Seorang ibu baru selesai menjemput anak-anaknya dari sekolah, lelaki yang mencuci mobil, anjing-anjing yang menyalak dari rumah yang lain, anak-anak yang berkerumun pada sesuatu. Berkerumun? Itu gerobak es krim. Hari yang panas dan es krim? Sempurna! August merogoh saku celananya, ada sisa duit di sana yang rasanya cukup untuk membeli secorong es krim. Anak-anak gembira sekali. Mereka berlarian ke sana-kemari, berputar-putar, bermain-main sambil menjilat es krim di tangan mereka. Masa yang indah. Masa di mana masalah terberat yang ada hanyalah seputar tugas matematika atau kena marah tetangga karena ketahuan mencuri buah dari pohon di halaman mereka. Gerobak es krim masih diam di tempatnya, beberapa orang membeli dengan menggunakan wadah mereka sendiri.
“Mas, rasa apa saja?”
“Yang tinggal hanya vanilla mas, yang lainnya habis.”
Vanilla! Vanilla sex! Vanilla lagi! rasanya ia sudah cukup mendengar kata itu. Tim penganti suasana dalam otaknya gagal menyelesaikan misinya, sepertinya mereka harus mengganti walpapaer dan tema dengan yang hal yang lain lagi, hal yang lebih keras. August tersenyum lalu mundur dan batal membeli.
Rasanya cukup sudah jalan-jalan ini. Tidak memberikan ketenangan juga padanya. August pulang dan membanting dirinya di sofa. Ia hanya ingin tidur kembali dalam pelukan hawa musim kemarau yang menyusup di celah yang diusir sejuknya aircon. Dan ia tertidur lagi.
Hup! Sesuatu membangunkannya, sebuah jentikan kecil, lebih tepatnya adalah rasa lapar di perut. August sadar sarapan tadi pagi sangatlah tidak cukup untuk mengganjal perutnya, ditambah ia tidak makan siang.
August melihat jam di dinding, 15:42. Hah! There goes my lunch, beberapa jam lagi malah makan malam. Sebagian dirinya ingin beranjak untuk makan, sebagian yang lain masih mau terikat dengan sofa dan memejamkan matanya.

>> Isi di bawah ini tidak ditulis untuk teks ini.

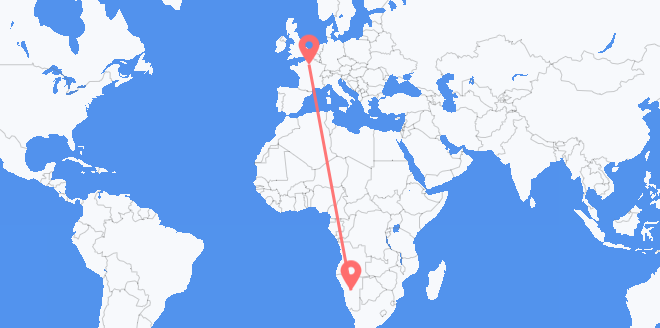 Flyrejser fra Namibia til Frankrig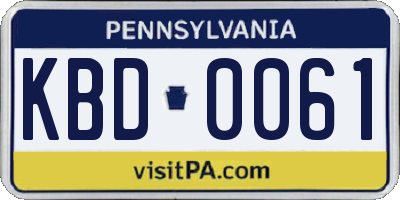 PA license plate KBD0061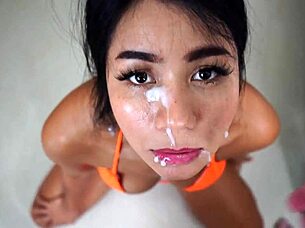 Asian girlfriend receives cum facial from her foreign sponsor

Keinginan untuk makan akhirnya mengalahkan semuanya.
August berjalan menuju kulkas dan menyadari kalau ia memang hampir tak memiliki apa-apa lagi yang bisa dimakan di dalamnya. Lalu…
Kriiiing…
Telepon kembali berbunyi. August hanya memandanginya saja.
Tak mungkin perempuan itu lagi, ini sudah sore, sudah lewat harinya merengek-rengek padaku utuk menemaninya. Tapi bagaimana kalau iya? Kau bisa menjamin dia tidak akan meneleponmu August? Pikiran-pikirannya berganti berulang kali. Dan ia memutuskan untuk mengangkatnya.
“Halo…”
“August.”
Perempuan itu lagi. August langsung mematikan sambungannya.
Mukanya merah, ia geram sekali. Tangannya menumpu pada kursi di meja makan. Lalu sesuatu bergetar, meja di depannya. Ia baru menyadari telepon selukarnya masih di sana. Dan telepon itu bergetar karena panggilan masuk dari nomor yang sama yang menghubunginya pagi tadi. Lelaki yang mengaku tidur dengannya.
Telepon-telepon liar masih berbunyi dan terus menghubunginya kini. August tak bergerak, ia hanya diam di antara dering dan lapar.